Legislative Assembly of the Northwest Territories
- Citation: 1988, c. O-1
- Assented to: 1988

= Official Languages Act (Northwest Territories) =

Northwest Territories territorial legislation

The Official Languages Act (Loi sur les langues officielles) is a law enacted by the Legislative Assembly of the Northwest Territories, enacted in 1988 which establishes that Northwest Territories has eleven official languages. The Act establishes that the official languages of Nunavut are: Inuktitut, Inuinnaqtun, Inuvialuktun, Gwich'in, North Slavey, South Slavey, Tłı̨chǫ, Chipewyan, Cree, English, and French.

== History ==
French was made an official language in 1877 by the then-territorial government of the Northwest Territories. After a lengthy and bitter debate resulting from a speech from the throne in 1888 by Lieutenant Governor Joseph Royal, the members of the time voted on more than one occasion to nullify this and make English the only language used in the assembly.
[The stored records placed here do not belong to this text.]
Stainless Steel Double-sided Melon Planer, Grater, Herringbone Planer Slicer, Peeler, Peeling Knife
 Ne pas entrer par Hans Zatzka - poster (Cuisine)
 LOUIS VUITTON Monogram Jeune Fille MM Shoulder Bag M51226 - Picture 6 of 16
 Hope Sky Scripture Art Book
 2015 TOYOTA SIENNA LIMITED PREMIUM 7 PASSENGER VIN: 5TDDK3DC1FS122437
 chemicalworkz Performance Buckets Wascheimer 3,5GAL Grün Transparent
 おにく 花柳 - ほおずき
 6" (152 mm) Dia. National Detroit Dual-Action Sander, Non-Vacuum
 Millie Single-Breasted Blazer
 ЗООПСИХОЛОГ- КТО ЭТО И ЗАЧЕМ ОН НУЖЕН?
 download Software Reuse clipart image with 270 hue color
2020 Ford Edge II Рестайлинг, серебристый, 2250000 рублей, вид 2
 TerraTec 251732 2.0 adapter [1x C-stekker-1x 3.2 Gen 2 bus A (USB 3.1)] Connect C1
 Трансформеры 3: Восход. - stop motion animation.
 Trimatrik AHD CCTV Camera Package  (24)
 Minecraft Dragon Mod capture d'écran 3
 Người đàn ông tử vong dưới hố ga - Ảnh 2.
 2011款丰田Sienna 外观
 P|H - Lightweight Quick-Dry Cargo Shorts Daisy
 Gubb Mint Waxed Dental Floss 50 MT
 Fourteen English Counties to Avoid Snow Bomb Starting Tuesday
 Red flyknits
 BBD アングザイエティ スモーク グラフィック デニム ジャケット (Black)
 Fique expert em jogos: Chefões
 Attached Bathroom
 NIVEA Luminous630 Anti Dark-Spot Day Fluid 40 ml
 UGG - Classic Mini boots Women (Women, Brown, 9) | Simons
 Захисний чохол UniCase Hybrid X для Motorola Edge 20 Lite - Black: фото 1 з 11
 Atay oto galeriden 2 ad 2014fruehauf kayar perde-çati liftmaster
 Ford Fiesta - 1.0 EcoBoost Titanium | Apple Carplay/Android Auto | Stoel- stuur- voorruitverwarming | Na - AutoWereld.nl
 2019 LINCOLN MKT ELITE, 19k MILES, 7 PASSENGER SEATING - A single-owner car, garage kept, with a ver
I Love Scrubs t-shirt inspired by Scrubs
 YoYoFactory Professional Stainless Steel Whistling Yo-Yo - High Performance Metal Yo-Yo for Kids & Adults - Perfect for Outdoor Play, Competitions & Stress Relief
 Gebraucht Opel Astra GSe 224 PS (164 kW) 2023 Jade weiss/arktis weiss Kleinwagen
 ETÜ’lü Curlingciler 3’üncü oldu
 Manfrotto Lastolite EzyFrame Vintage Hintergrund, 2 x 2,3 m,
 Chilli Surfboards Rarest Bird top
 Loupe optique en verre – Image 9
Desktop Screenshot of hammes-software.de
After some conflict with the Confederation Government in Ottawa, and a decisive vote on January 19, 1892, the assembly members voted for an English-only territory.

The Official Languages Act of the Northwest Territories was enacted in 1988.

== Provisions ==
The Act was amended in 2023 to allow the Commissioner to take the Government of the Northwest Territories to the Supreme Court.

== Implementation ==
Access to services in indigenous languages in the Northwest Territories has been described as a "struggle" by the Official Languages Commissioner of the Northwest Territories.

== Criticism and suggested reform ==
The Act has been criticised by parents for not allowing babies to be given traditional names with accents.

There have been repeated calls for Michif to become the territory's twelfth official language.